"C'est le premier jour où je me sens réellement en vacances [...] le premier jour aussi où je vais porter l'étoile jaune. Ce sont les deux aspects de la vie actuelle: la fraîcheur, la beauté, la jeunesse de la vie incarnée par cette matinée limpide; la barbarie et le mal, représentés par cette étoile jaune".

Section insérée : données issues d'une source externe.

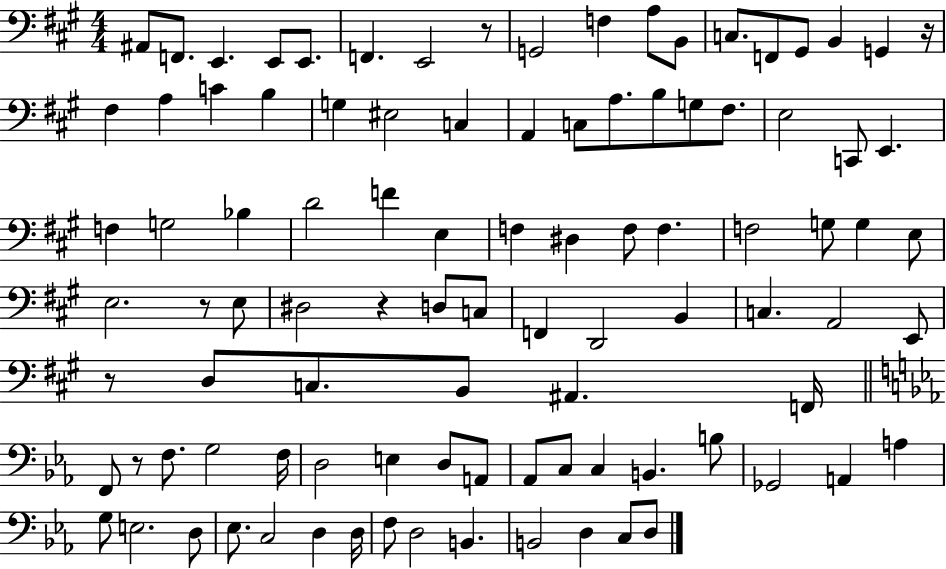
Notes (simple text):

A#2/e F2/e. E2/q. E2/e E2/e. F2/q. E2/h R/e G2/h F3/q A3/e B2/e C3/e. F2/e G#2/e B2/q G2/q R/s F#3/q A3/q C4/q B3/q G3/q EIS3/h C3/q A2/q C3/e A3/e. B3/e G3/e F#3/e. E3/h C2/e E2/q. F3/q G3/h Bb3/q D4/h F4/q E3/q F3/q D#3/q F3/e F3/q. F3/h G3/e G3/q E3/e E3/h. R/e E3/e D#3/h R/q D3/e C3/e F2/q D2/h B2/q C3/q. A2/h E2/e R/e D3/e C3/e. B2/e A#2/q. F2/s F2/e R/e F3/e. G3/h F3/s D3/h E3/q D3/e A2/e Ab2/e C3/e C3/q B2/q. B3/e Gb2/h A2/q A3/q G3/e E3/h. D3/e Eb3/e. C3/h D3/q D3/s F3/e D3/h B2/q. B2/h D3/q C3/e D3/e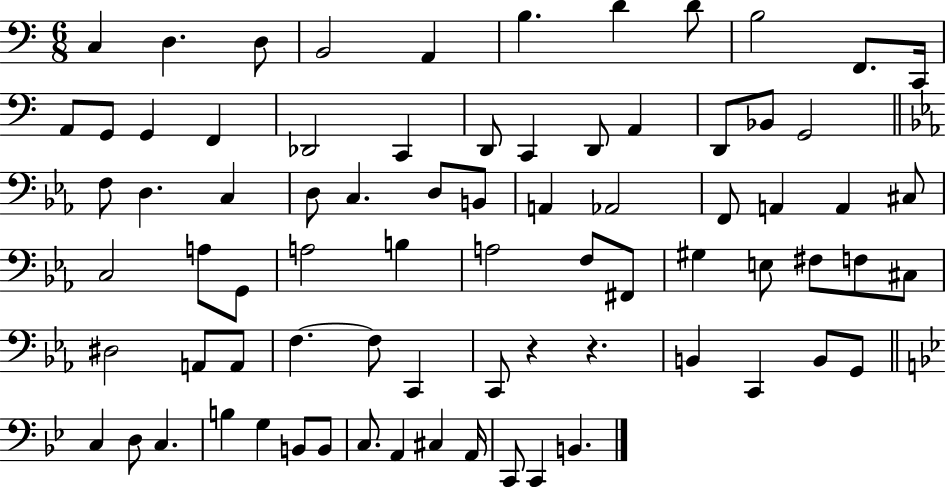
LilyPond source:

{
  \clef bass
  \numericTimeSignature
  \time 6/8
  \key c \major
  c4 d4. d8 | b,2 a,4 | b4. d'4 d'8 | b2 f,8. c,16 | \break a,8 g,8 g,4 f,4 | des,2 c,4 | d,8 c,4 d,8 a,4 | d,8 bes,8 g,2 | \break \bar "||" \break \key c \minor f8 d4. c4 | d8 c4. d8 b,8 | a,4 aes,2 | f,8 a,4 a,4 cis8 | \break c2 a8 g,8 | a2 b4 | a2 f8 fis,8 | gis4 e8 fis8 f8 cis8 | \break dis2 a,8 a,8 | f4.~~ f8 c,4 | c,8 r4 r4. | b,4 c,4 b,8 g,8 | \break \bar "||" \break \key g \minor c4 d8 c4. | b4 g4 b,8 b,8 | c8. a,4 cis4 a,16 | c,8 c,4 b,4. | \break \bar "|."
}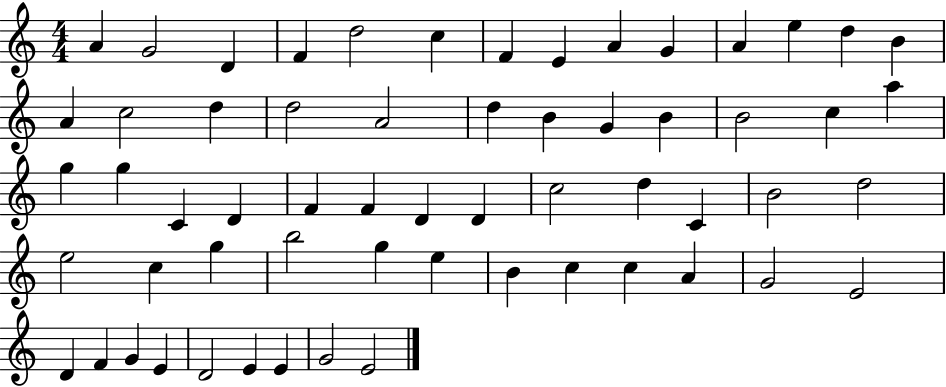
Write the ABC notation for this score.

X:1
T:Untitled
M:4/4
L:1/4
K:C
A G2 D F d2 c F E A G A e d B A c2 d d2 A2 d B G B B2 c a g g C D F F D D c2 d C B2 d2 e2 c g b2 g e B c c A G2 E2 D F G E D2 E E G2 E2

Hélène Berr nous raconte comment on grandit sous l'ombre d'une sale guerre, cette guerre si présente et si lointaine. L'auteur décrit son adolescence et son entrée forcée dans le monde adulte pourtant son écriture reste fraîche, sans méchanceté, objective et franche. C'est un éloge aux petits bonheurs de la vie...car bien souvent c'est ce qui permet de tenir et de continuer le combat.
Annaelle D.
Le Journal d’Hélène Berr a été publié en janvier 2008 aux éditions Tallandier. Ce livre est le témoignage d’une jeune
fille juive qui a commencé à écrire en 1942 et a été déportée en 1944. Elle est morte en 1945 au camp de Bergen-Belsen, quelques jours avant la libération du camp par l’armée
britannique.
C’est grâce à Mariette Job que ce journal a pu être publié, dévoilant ainsi au grand public un témoignage poignant, longtemps resté un
douloureux trésor familial et déposé depuis 2002 au Mémorial de la Shoah.
Les Éditions Tallandier sont à l’origine, en 1875, une librairie, la Librairie Illustrée, proche d’un public qui s’intéresse alors à la photographie et plus tard à l’émergence du cinéma. Au bout de vingt-cinq ans de succès, elle est rebaptisée Librairie Jules Tallandier, du nom du nouveau propriétaire. Il impose d’emblée l’histoire comme ligne éditoriale et souhaite faire lire le plus grand nombre.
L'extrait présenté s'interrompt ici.